This is the busiest Broadway season for musicals in recent memory. There are 10 new titles debuting there across the year, but Come from Away towers over the rest in terms of originality and daring.
Not based on a pre-existing film or book, it takes its story from a real-life crisis experienced by travellers aboard 38 aeroplanes who were en route to the US on 9/11 – and found themselves suddenly re-routed to the tiny town of Gander in Canada’s Newfoundland when US airspace was summarily closed.
A small community, usually populated by 3,000, suddenly had to take in nearly 7,000 more visitors, where they were forced to spend four days there until the airspace opened again.
The musical personalises and humanises an event that had far bigger repercussions on the world than that of the inconvenience of several thousand air passengers. Amid the tragedy, the human spirit came to the fore.
Musicals are good at creating communities: they herd stories together, held in the embrace of music. Sometimes it’s a shotgun marriage, where the form strains against the content, but here, in this poignant true-life story of instant community building in crisis, there is something bigger: a sense of hope.

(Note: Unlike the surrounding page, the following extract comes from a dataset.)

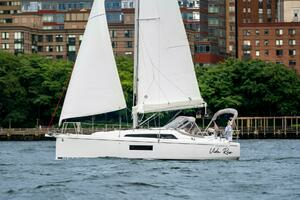 30ft Beneteau Yacht For Sale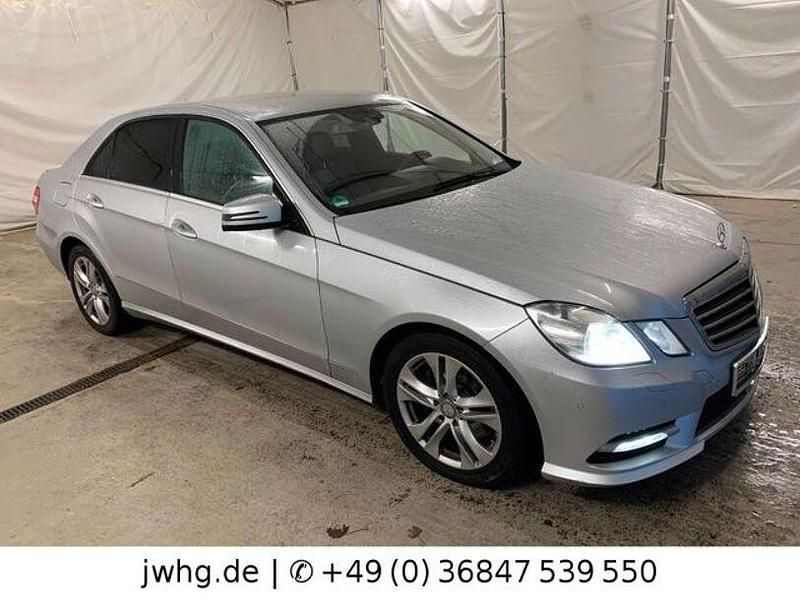 Gebraucht Mercedes E350 Avantgarde 231 PS (169 kW) 2009 Silber Limousine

Husband and wife writing partners Irene Sankoff and David Hein’s folk-based score has an easy affability and an earnest sincerity. Christopher Ashley’s production gives the show a homespun honesty, and the 12-strong ensemble company, each of whom plays multiple characters, invest it with real feeling and emotion. This is particularly true in the story of a passenger whose son was a New York firefighter, and another passenger of Middle Eastern origin who initially becomes a figure of suspicion to his fellow travellers.